Few stop to appreciate that 50 million are now liberated with the first chance of real democracy in the history of the Middle East. We almost take for granted that the Taliban and Saddam Hussein are gone and that 90 percent of Iraq is functioning under local democratic councils - in an irreversible process that is taking on a culture and logic of its own. We are angry not that the situation in the occupied countries is stabilizing - so far at a cost of less than 300 - not 300,000 - American dead, but that they are not yet normal societies. Few Americans ask why and how Saudi Arabia, Syria, and Iran are suddenly whining privately rather than shouting defiance.
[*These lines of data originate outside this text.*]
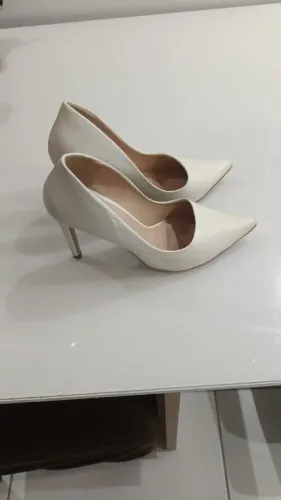 Sapato tamanho 37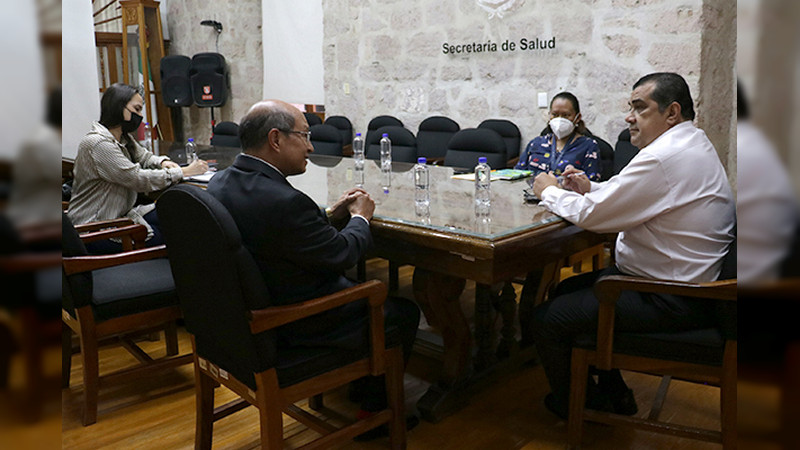Se reúne magistrado presidente Jorge Reséndiz García con el secretario de salud en la entidad Elías Ibarra Torres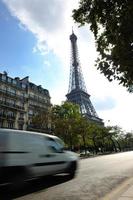 Torre Eiffel a Parigi al giorno foto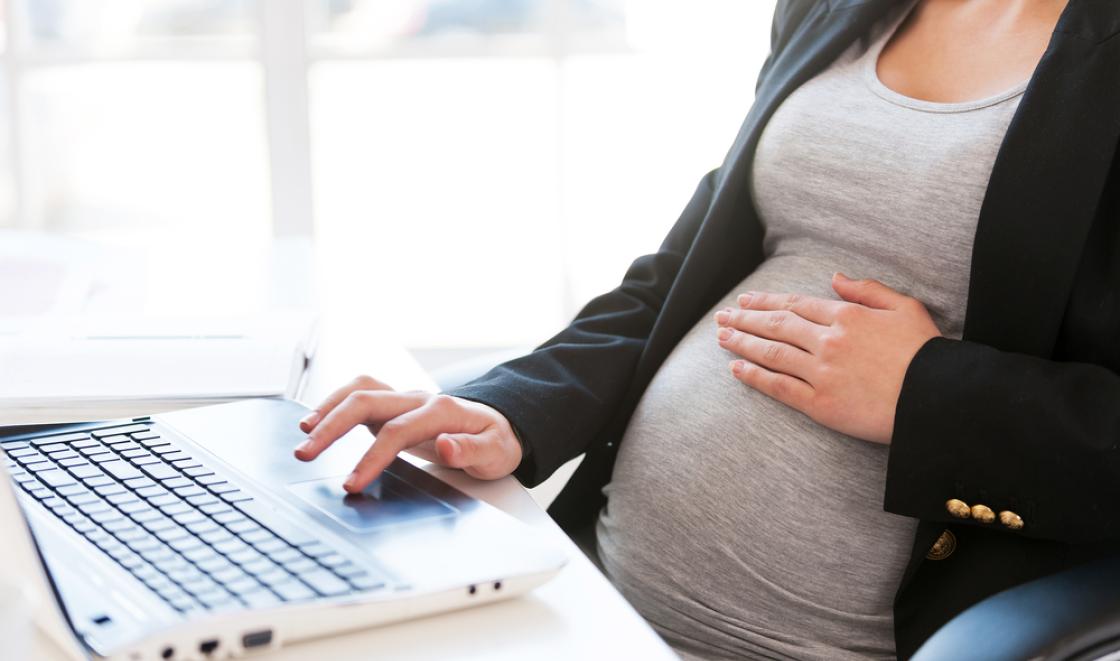 Pregnant woman with laptop
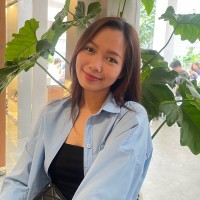 Queenie Vu Email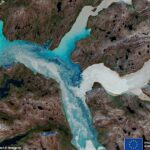 El dramático derretimiento de Groenlandia que tuvo lugar del 15 al 17 de julio fue capturado en una imagen de satélite.  Los tonos de azul son en realidad hielo derretido que se abre paso a través de la superficie del lecho rocoso hacia el mar.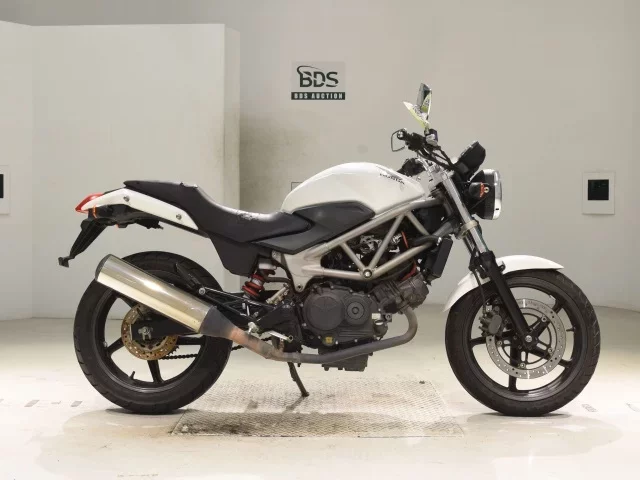 Honda VTR250 лот № 7863 оценка 4  с аукциона в Японии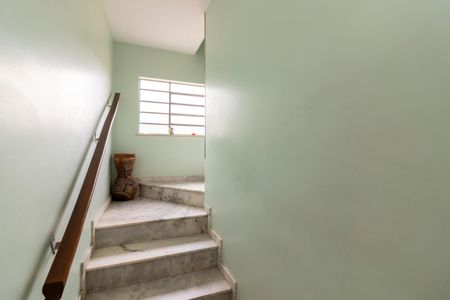 Casa à venda com 170m², 3 quartos e 4 vagas Casa à venda com 170m², 3 quartos e 4 vagasEscada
So beneath the hysterical headlines of quagmire, Vietnam, and stalemate, we have sorely hurt our enemies. We have driven the remnants of the Taliban into the Pakistani coffeehouses, the terrorists into caves, Saddam Hussein into a low-rent apartment, his sons into the Inferno - and replaced them all not with dictators, but real opportunities for freedom and consensual government. Instead of more skyscrapers exploding in American cities, 7,000 miles away jihadists and Islamic terrorists are being hunted down in their own once sacred enclaves.







Article comments
1 - Steve Rhodes
He should have learned from Carter that it is best to find a synonym for malaise and not use crisis of confidence (though Carter's speech is interesting to read now).
2 - Eric Olsen
YOu may be right Steve, but at least Victor isn't running for anything.